A Timeless Gaming Classic Approaches 40 Years and Supports Contemporary Research: Super Mario Encounters AI


# Not a New Benchmark, but Nonetheless Intriguing: Mario as a Metric for AIs

## AI Metrics: From Logic to Interactive Gaming

Artificial intelligence (AI) models are frequently assessed using metrics that evaluate their mathematical, logical, and analytical skills. However, the team at the University of California San Diego (UCSD) has adopted a unique strategy: rather than relying on conventional assessments, they permitted AI models to engage in *Super Mario Bros.* This innovative trial, as reported by *TechSpot*, underscores a vital element of AI performance—timing and immediate decision-making.

## The Study: GamingAgent as an AI Operator

The research group at UCSD’s Hao AI Lab created **GamingAgent**, a framework that enables AI models to manage Mario through Python code. This configuration was based on an emulated incarnation of *Super Mario Bros.* for the NES.

The AIs received straightforward instructions such as **”Leap over this foe”** and were shown screenshots for context. The objective was to assess how effectively the models could devise their strategies and adjust in real-time.

## Unexpected Findings: Claude 3.7 Shines, GPT-4o Faces Challenges

The findings of the study were surprising. **Anthropic’s Claude 3.7** excelled beyond all other models, exhibiting accurate jumps, adept enemy evasion, and assertive gameplay. Its predecessor, **Claude 3.5**, also performed commendably, although not as impressively.

In contrast, **OpenAI’s GPT-4o and Google’s Gemini 1.5 Pro encountered considerable difficulties**. Despite their advanced logical reasoning capabilities, these models often struggled with fundamental game actions. They frequently mistimed leaps, plunged into pits, or collided with adversaries—indicating that their decision-making processes were too sluggish for the game’s rapid pace.

## Quickness Trumps Logic

One crucial insight from this experiment is that **swift reflexes and real-time adaptability outweigh intricate logic—at least when it comes to playing Mario**.

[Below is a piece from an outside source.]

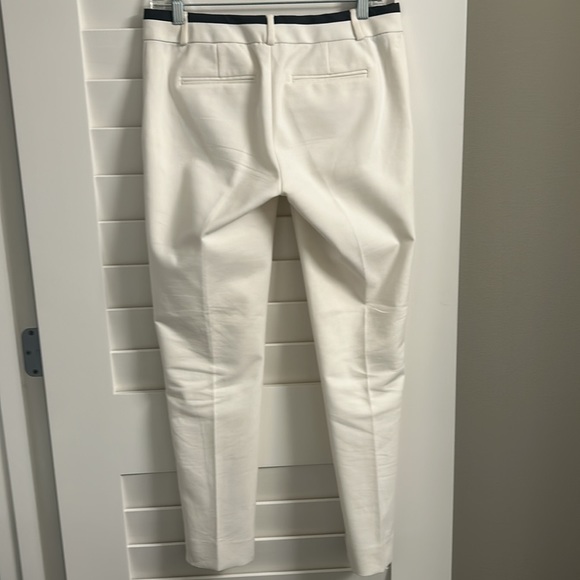 Banana Republic size 2 cocoon color lined cigarette pant with ankle zip. - Picture 2 of 8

Although some AI models tried to “reason out” situations, this tactic resulted in **delays in implementation**. In *Super Mario Bros.*, mere milliseconds can make the difference between success and failure. The researchers hypothesize that models like GPT-4o waste too much time calculating before taking action, resulting in subpar in-game performance.

## Can Retro Games function as AI Metrics?

This study poses a compelling question: **Can classic video games serve as useful AI metrics?**

While excelling at *Super Mario Bros.* does not guarantee that an AI can tackle intricate real-world challenges, the evaluation offers significant insights. It emphasizes the necessity of **quick, instinctive decision-making**, which is essential in numerous real-world scenarios, including robotics, autonomous navigation, and real-time strategy development.

## Final Thoughts

The UCSD research illustrates that AI effectiveness depends not only on sheer computational capacity or logical reasoning but also on **how swiftly and adeptly an AI can respond to changing environments**. Though *Super Mario Bros.* may not evolve into a standard AI benchmark, it provides an intriguing method for assessing AI adaptability and responsiveness.

As AI continues to advance, unconventional evaluations like this could aid researchers in better grasping the strengths and limitations of various models, paving the way for more sophisticated and proficient AI systems in the future.